Wednesday, July 3, 2013

Oregon's Bold Plan To Fund Higher Education

The great advantage of the federal system is it provides 50 models for success. While the federal student loan program has lead to drastic increases in college tuition, bloated college bureaucracies and aggregate student loan debt approaching $1 trillion states have been casting about for better ideas. It may not be the perfect model but give Oregon credit for the sort of out-of-the-box type thinking that has always come from the states. Oregon wants to do away with the entire student loan program-no up front money required. Once students graduate they would be obligated to pay 3% of their gross income for the next 24 years.
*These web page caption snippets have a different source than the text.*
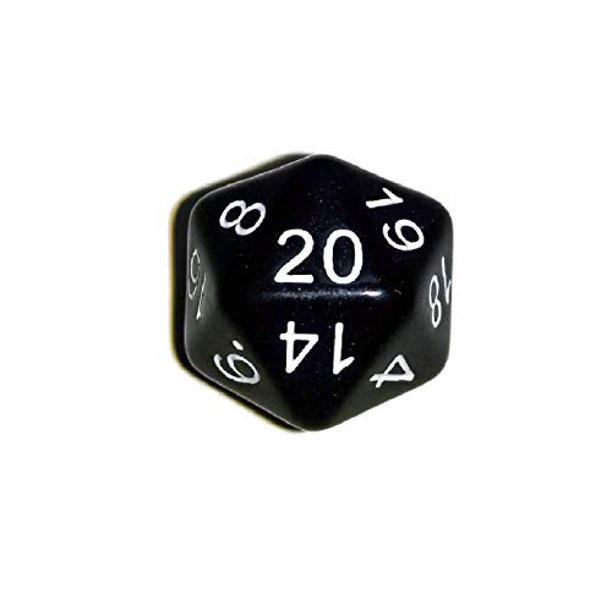 Initiative Advantage Black D20 Die For Roleplaying Games 20 Sided Rpg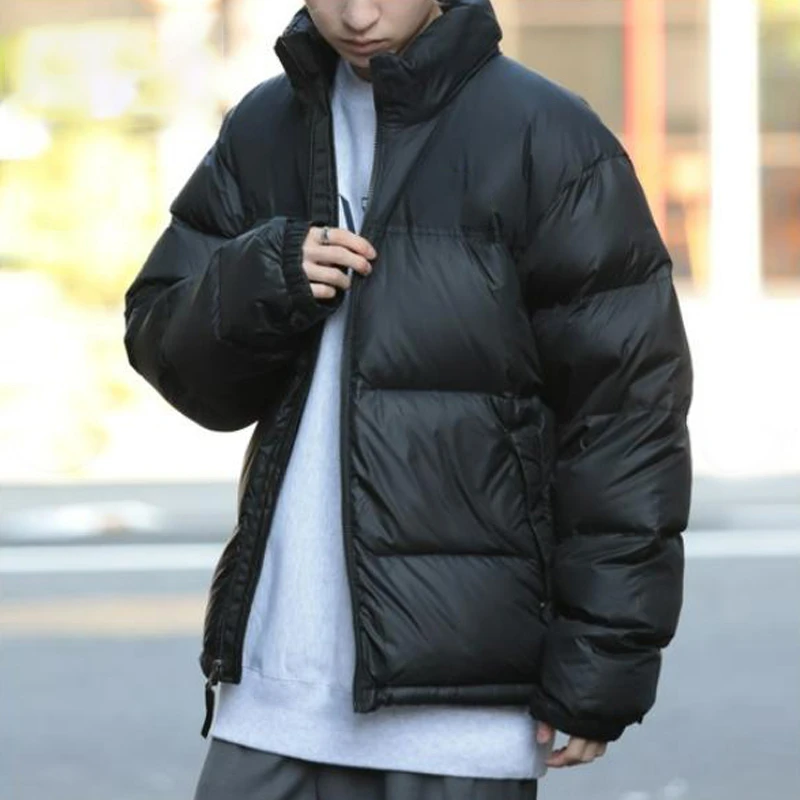 白鸭绒绒情侣刺绣羽绒服短款男冬季宽松百搭加厚美式外套羽绒服男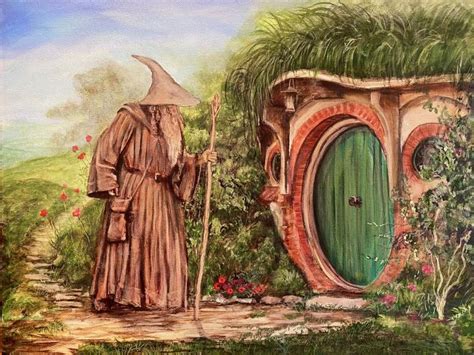 Gandalf Knocking On Bilbo Baggins Door Artist Signed Archival Etsy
The Wall Street Journal spells out.
Using 2010 census data not adjusted for inflation…students would pay an average of about $800 back into the program the first year after graduation. As their incomes grow, that would increase to about $2,000 in year 20, by which time they would have paid off the cost of their educations. Over the next four years they would contribute an additional $7,400, which constitutes the pay-it-forward aspect of the program—a sort of finance cost. Students would pay more or less depending on how much money they earned.
Under the program called "Pay it Forward, Pay it Back," Oregon would create a fund that students would draw from and eventually pay into—potentially bypassing traditional education lenders and the interest rates they charge. The state would likely borrow for the fund's seed money, which could exceed $9 billion, but the program's designers intend it to become self-sustaining. The plan is clever as it incentivizes colleges to steer students into the areas that will maximize their lifetime earnings. Under the Oregon plan, students who don't graduate would still pay a fraction of their incomes into the fund; the amount would depend on how long they were in school.
Oregon’s Senate unanimously passed a bill on Monday arming a committee to develop a pilot program, though the legislature won’t decide until 2015 whether to implement it. The proposal has a few questionable aspects, most notably the $9 billion start up cost. Details aside, the idea is intriguing.